Dormir plus longtemps avant un Tour de France pour accumuler des réserves, est-ce utile?

Oui, mais cela aussi doit se faire progressivement. On ne peut pas se coucher une heure plus tôt, on ne dormira de toute façon pas. Le corps doit s’y habituer. Avec des protocoles spécifiques, je recherche la durée de sommeil optimale pour m’assurer que les coureurs sont parfaitement reposés lorsqu’ils prennent le départ d’un grand tour de trois semaines.

Charlotte Edelsten, la botte secrète de Soudal Quick-Step pour Remco Evenepoel et ses coéquipiers. © Wout Beel

Le sommeil devient-il plus profond ou plus long à mesure que la fatigue augmente sur les grands tours?

C’est très individuel. Certains dorment mieux car leur corps demande plus de repos. D’autres dorment moins bien, en raison de douleurs musculaires, du stress ou de facteurs tels que le bruit, la chaleur ou le changement de chambre d’hôtel. Les coureurs prennent aussi parfois de la caféine dans le final d’une étape, en fin d’après-midi. Cela rend l’endormissement plus difficile et diminue la qualité du sommeil, même si le corps est fatigué.

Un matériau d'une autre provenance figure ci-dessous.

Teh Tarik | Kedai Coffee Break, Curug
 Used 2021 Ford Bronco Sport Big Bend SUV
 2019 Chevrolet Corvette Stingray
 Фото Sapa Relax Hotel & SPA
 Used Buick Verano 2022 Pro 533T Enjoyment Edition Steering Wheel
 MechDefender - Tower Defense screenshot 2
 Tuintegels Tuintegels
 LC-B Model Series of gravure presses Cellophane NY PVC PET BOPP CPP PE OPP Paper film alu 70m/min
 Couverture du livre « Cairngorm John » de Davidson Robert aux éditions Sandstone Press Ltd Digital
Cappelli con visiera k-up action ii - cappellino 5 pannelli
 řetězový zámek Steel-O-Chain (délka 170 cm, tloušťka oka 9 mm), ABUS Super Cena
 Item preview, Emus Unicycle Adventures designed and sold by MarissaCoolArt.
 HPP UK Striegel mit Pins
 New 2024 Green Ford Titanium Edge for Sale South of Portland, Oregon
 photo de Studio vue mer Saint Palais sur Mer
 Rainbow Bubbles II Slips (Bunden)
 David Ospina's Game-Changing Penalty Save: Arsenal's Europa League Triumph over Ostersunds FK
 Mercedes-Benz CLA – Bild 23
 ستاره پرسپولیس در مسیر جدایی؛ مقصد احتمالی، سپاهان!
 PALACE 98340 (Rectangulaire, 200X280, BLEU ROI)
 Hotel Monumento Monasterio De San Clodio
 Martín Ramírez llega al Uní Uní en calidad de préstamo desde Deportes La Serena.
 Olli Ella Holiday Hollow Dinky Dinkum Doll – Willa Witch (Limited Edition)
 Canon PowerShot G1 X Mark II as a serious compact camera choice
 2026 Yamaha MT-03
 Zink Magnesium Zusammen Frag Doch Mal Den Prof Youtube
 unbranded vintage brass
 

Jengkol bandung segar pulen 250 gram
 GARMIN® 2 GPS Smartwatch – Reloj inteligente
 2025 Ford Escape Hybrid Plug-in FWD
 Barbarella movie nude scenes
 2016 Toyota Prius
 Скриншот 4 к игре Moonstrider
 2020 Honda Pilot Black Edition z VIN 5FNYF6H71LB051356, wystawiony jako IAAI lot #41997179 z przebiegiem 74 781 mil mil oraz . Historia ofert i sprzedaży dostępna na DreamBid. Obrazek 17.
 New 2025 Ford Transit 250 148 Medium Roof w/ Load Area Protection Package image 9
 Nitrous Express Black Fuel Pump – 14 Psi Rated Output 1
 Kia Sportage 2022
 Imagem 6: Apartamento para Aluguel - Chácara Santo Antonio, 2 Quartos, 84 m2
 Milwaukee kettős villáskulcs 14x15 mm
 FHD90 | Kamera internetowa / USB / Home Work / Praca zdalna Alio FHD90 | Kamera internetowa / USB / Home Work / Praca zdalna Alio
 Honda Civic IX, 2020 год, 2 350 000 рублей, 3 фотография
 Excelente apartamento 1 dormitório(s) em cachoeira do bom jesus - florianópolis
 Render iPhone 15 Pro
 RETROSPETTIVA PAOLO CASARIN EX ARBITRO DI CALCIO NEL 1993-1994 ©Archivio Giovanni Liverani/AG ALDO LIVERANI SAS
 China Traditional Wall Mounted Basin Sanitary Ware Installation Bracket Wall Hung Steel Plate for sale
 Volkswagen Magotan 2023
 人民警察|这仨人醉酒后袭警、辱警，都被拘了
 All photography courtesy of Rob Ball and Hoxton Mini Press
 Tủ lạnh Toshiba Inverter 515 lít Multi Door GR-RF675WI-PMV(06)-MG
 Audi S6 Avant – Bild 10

Les coureurs lors d’un grand tour mangent souvent tard –parfois à 22 heures– et beaucoup, alors que selon les recommandations en matière de sommeil, il est préférable de manger deux à trois heures avant de s’endormir. Comment faire face à cette situation?

Un estomac plein rend l’endormissement plus difficile: la digestion augmente le rythme cardiaque et la température corporelle. Certains coureurs ne sont pas affectés par ce phénomène, d’autres le sont. En concertation avec les diététiciens, nous essayons d’échelonner l’apport calorique très important –jusqu’à 7.000 calories par jour– avec un repas de récupération après la course et un repas du soir plus léger.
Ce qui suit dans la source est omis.